**TASK TO COMPLETE**. Skip pictures in the listing below; copy exactly the lines from the one with "Red Wooden Console Table with Single Drawer" through the one with "Volume 8, Issue", inclusive.
MATERIAL SUPPLIED Start Marker
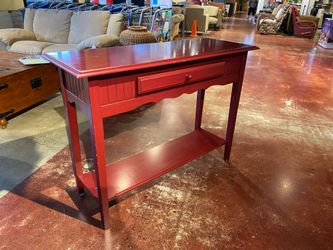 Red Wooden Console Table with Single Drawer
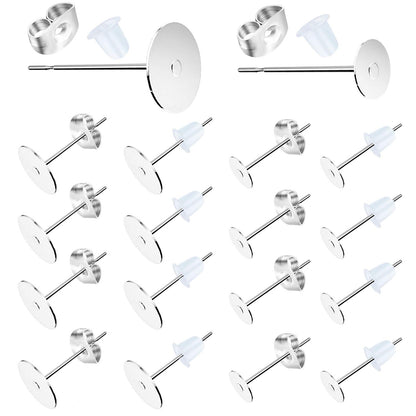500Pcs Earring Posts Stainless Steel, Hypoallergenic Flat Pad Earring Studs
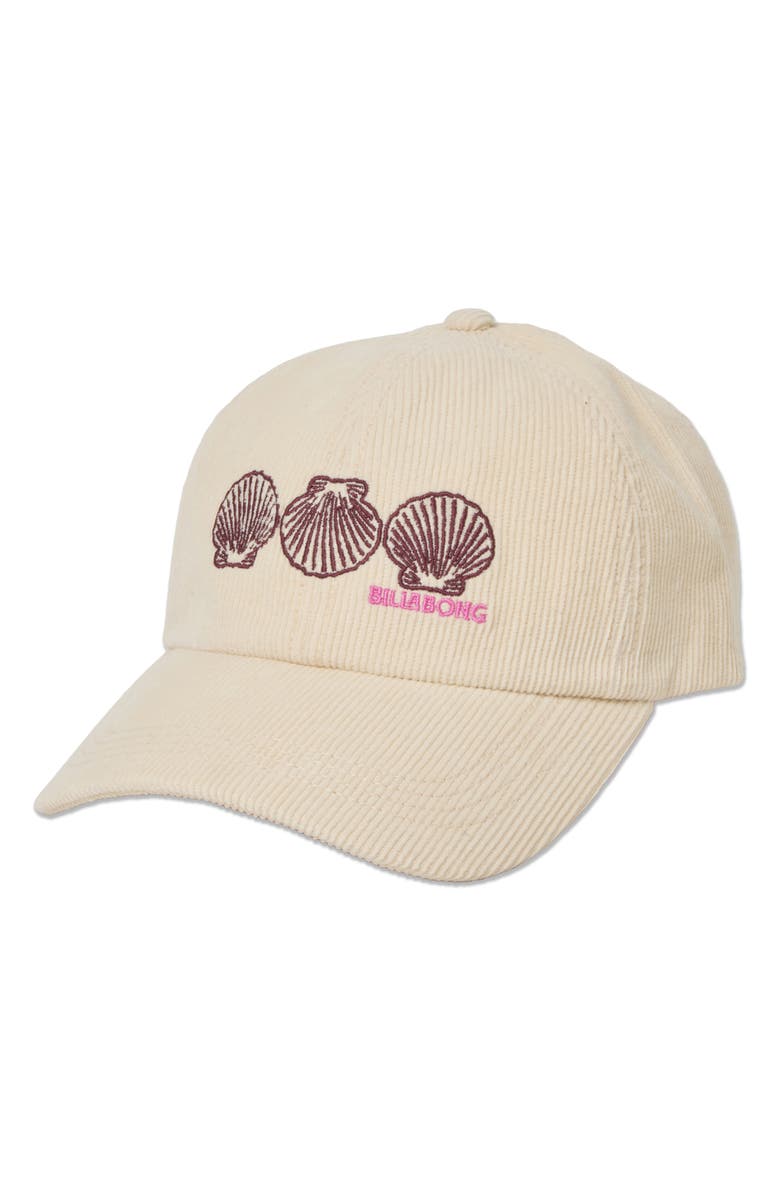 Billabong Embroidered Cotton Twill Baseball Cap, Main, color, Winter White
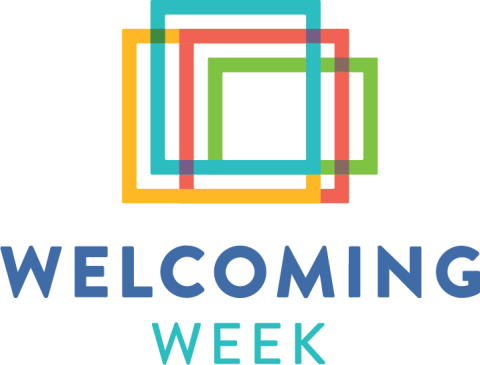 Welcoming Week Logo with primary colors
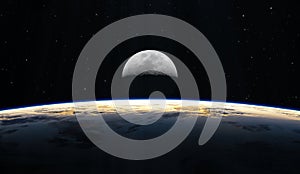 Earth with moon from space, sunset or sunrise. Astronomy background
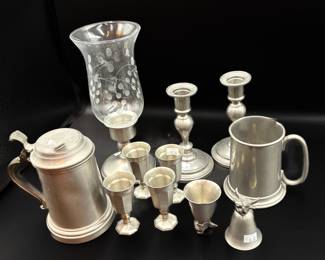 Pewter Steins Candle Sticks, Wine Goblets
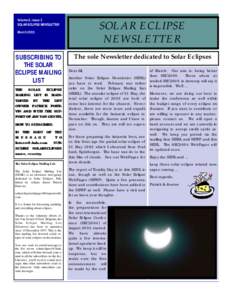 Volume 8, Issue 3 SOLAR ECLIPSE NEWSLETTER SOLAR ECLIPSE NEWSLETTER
MATERIAL SUPPLIED End Marker
MATERIAL SUPPLIED Start Marker
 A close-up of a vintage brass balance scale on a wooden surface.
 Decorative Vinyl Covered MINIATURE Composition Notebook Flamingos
MATERIAL SUPPLIED End Marker
**EXERCISE RESPONSE**.
 Red Wooden Console Table with Single Drawer
500Pcs Earring Posts Stainless Steel, Hypoallergenic Flat Pad Earring Studs
 Billabong Embroidered Cotton Twill Baseball Cap, Main, color, Winter White
 Welcoming Week Logo with primary colors
 Earth with moon from space, sunset or sunrise. Astronomy background
 Pewter Steins Candle Sticks, Wine Goblets
 Volume 8, Issue 3 SOLAR ECLIPSE NEWSLETTER SOLAR ECLIPSE NEWSLETTER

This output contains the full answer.